§ **ASSIGNMENT**
Any picture among the records should be left out, please; retype the rest exactly.

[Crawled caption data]
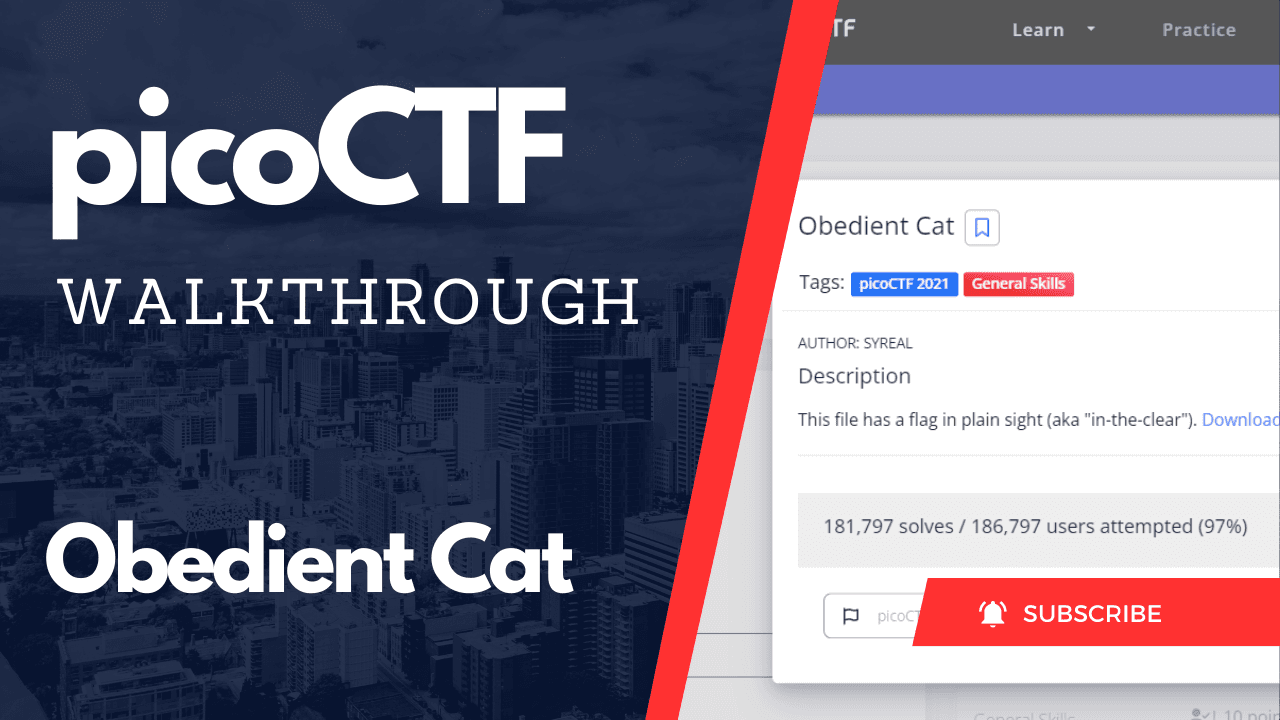 PicoCTF Walkthrough: Obedient Cat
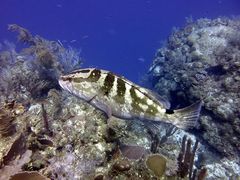 Epinephelus striatus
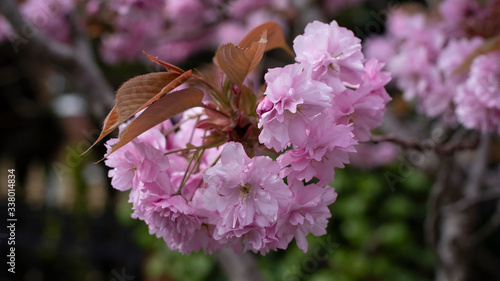 A close up shot of pink petals from a cherry blossom tree floral and summery image, all from the branches and include leaves in the crop. This colourful tree is beautiful sight in the spring colorful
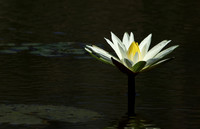 Lotus flowers - Botswana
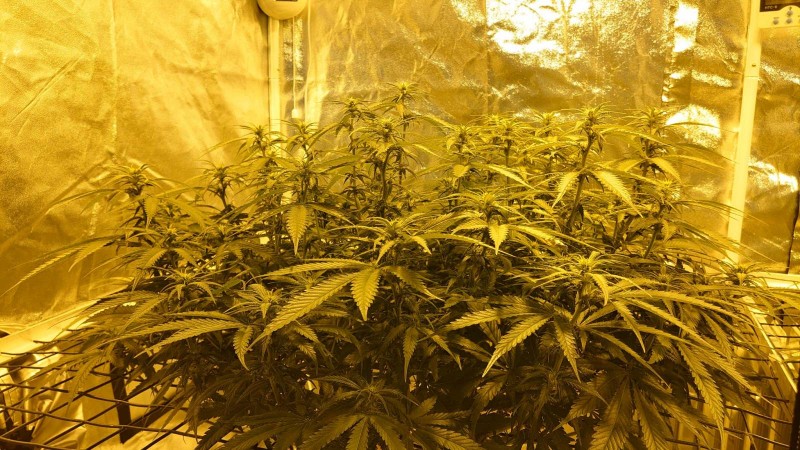 16185214249774611048265958957948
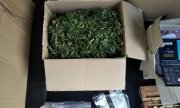Na zdjęciu marihuana w kartonowym pudełku, woreczki strunowe i waga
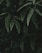 green ferns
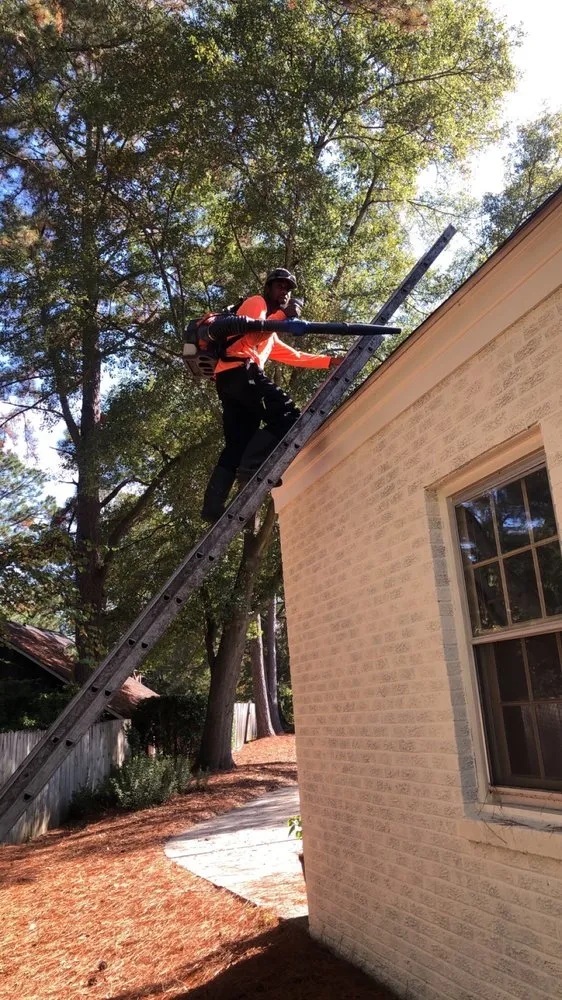 Custom outdoor landscaping for residential properties across Wilson, NC - Lawn Miracles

§ **EXERCISE ANSWER**
 PicoCTF Walkthrough: Obedient Cat
 Epinephelus striatus
 A close up shot of pink petals from a cherry blossom tree floral and summery image, all from the branches and include leaves in the crop. This colourful tree is beautiful sight in the spring colorful
 Lotus flowers - Botswana
 16185214249774611048265958957948
Na zdjęciu marihuana w kartonowym pudełku, woreczki strunowe i waga
 green ferns
 Custom outdoor landscaping for residential properties across Wilson, NC - Lawn Miracles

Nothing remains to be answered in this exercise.